Esa variante de la democracia con mando a distancia acaba de demostrar su poderío en estas elecciones, con candidatos que parecían tertulianos y tertulianos que imitaban a los candidatos. Aunque sería injusto, desde luego, atribuirle en exclusiva el singular escenario italiano que ha surgido de la votación de ayer.

Además de la tele, algo -o mucho- han ayudado también los excesos de corrupción que acabaron por provocar la náusea de los electores. Lo mismo había ocurrido hace años en Italia, cuando los ciudadanos, hartos del comportamiento mafioso de la Democracia Cristiana y el Partido Socialista, decidieron sustituir la peste por el cólera eligiendo a Silvio Berlusconi.

Aquí no hemos llegado aún tan lejos y, simplemente, los electores acaban de reproducir en España el viejo esquema multipartidista típico de la política italiana de hace una o dos décadas.

El nuevo -si bien viejísimo- sistema ofrece graves inconvenientes a la hora de formar gobierno; pero también tiene sus ventajas. Nadie manda más de lo conveniente y los consejos de ministros se van sucediendo con periodicidad casi anual, ante la imposibilidad de que los partidos mantengan acuerdos durante demasiado tiempo.

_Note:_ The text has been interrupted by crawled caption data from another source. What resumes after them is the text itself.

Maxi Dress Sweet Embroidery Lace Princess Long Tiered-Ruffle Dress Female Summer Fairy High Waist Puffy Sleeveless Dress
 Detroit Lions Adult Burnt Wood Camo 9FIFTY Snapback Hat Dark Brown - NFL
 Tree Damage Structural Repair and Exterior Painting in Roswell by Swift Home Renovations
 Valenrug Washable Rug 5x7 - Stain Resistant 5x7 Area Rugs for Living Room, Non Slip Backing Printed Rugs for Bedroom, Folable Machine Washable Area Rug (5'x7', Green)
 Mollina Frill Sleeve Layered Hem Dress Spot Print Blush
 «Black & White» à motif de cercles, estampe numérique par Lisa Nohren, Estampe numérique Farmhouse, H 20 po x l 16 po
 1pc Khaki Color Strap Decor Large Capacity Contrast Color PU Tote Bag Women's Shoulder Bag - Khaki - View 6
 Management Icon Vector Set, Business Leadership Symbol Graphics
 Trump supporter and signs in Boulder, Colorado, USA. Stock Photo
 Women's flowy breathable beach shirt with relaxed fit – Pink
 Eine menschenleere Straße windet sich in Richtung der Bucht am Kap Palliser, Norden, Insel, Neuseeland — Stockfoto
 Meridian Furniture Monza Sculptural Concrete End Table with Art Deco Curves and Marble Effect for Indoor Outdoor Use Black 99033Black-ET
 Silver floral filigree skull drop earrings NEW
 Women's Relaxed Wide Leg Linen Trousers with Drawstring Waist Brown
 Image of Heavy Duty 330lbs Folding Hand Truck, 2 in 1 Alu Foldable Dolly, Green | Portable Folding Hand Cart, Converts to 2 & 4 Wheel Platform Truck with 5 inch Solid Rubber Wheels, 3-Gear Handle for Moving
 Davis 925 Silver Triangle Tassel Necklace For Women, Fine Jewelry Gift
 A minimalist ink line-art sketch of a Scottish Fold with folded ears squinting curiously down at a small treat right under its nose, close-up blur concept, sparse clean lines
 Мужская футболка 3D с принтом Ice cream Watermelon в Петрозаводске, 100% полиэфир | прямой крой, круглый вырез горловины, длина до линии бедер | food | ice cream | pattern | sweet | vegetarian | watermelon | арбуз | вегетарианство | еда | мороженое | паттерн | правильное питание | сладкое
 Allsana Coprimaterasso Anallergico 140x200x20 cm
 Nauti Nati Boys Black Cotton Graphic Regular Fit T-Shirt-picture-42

Consuela saber, si acaso, que tampoco les ha ido del todo mal a los italianos con su multipartidismo y su permanente inestabilidad política. Italia ha tenido más de sesenta gobiernos -sesenta- desde el fin de la Segunda Guerra Mundial; y pese a ello, el país creció lo bastante como para integrarse en el poderoso grupo del G-7 que reúne a las naciones más industrializadas del mundo.

No es seguro que vaya a ocurrir cosa parecida en España, pero tampoco hay por qué ponerse en lo peor. Más italianos que ayer, pero menos que mañana, lo cierto es que nos vamos a divertir un montón con los trapicheos para formar gobierno que comienzan hoy mismo. Oh, sole mío.